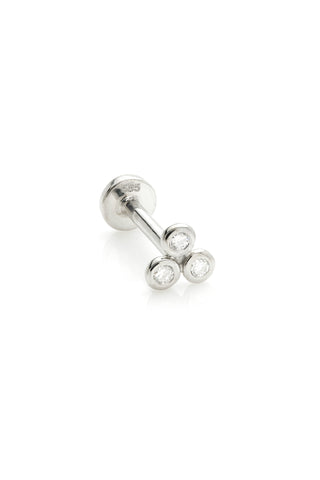 Nefertiti 14ct Solid White Gold Diamond Trio Flat Back Stud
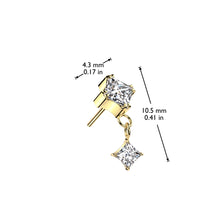 Load image into Gallery viewer, Titanium Diamond Dangle Nose Ring/ Labret
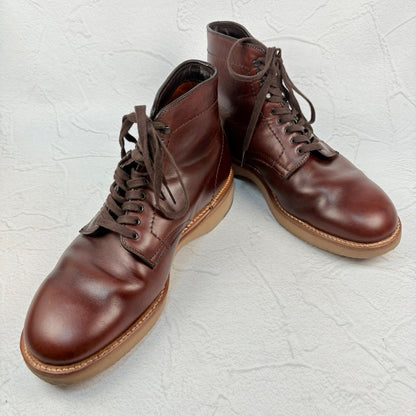 【良品】ALDEN オールデン 45960H 6"PLAIN TOE BOOT プレーン レースアップブーツ 赤茶 US8.5 / 26.5cm [W3288]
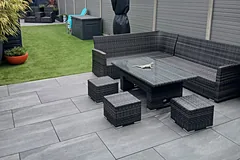 Porcelain patio with garden furniture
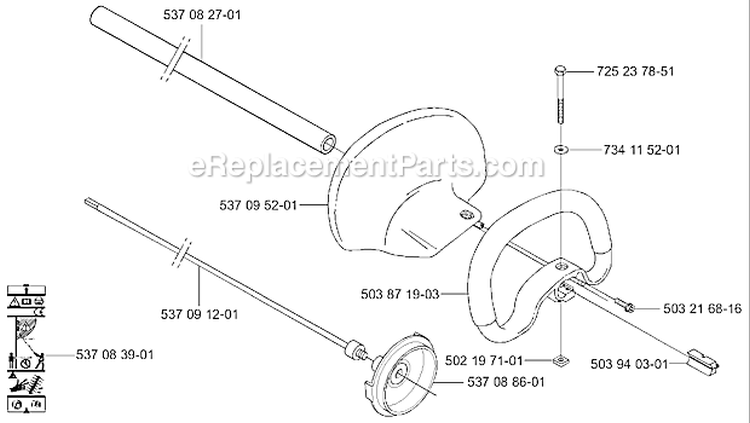 Page J Diagram and Parts List for 326 HE 3 X-Series 2004-01 Husqvarna Hedge Trimmer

[Your task]
Exclude the pictures and print the rest of the data exactly.

[Expected answer]
 Nefertiti 14ct Solid White Gold Diamond Trio Flat Back Stud
 Load image into Gallery viewer, Titanium Diamond Dangle Nose Ring/ Labret
 【良品】ALDEN オールデン 45960H 6"PLAIN TOE BOOT プレーン レースアップブーツ 赤茶 US8.5 / 26.5cm [W3288]
 Porcelain patio with garden furniture
 Page J Diagram and Parts List for 326 HE 3 X-Series 2004-01 Husqvarna Hedge Trimmer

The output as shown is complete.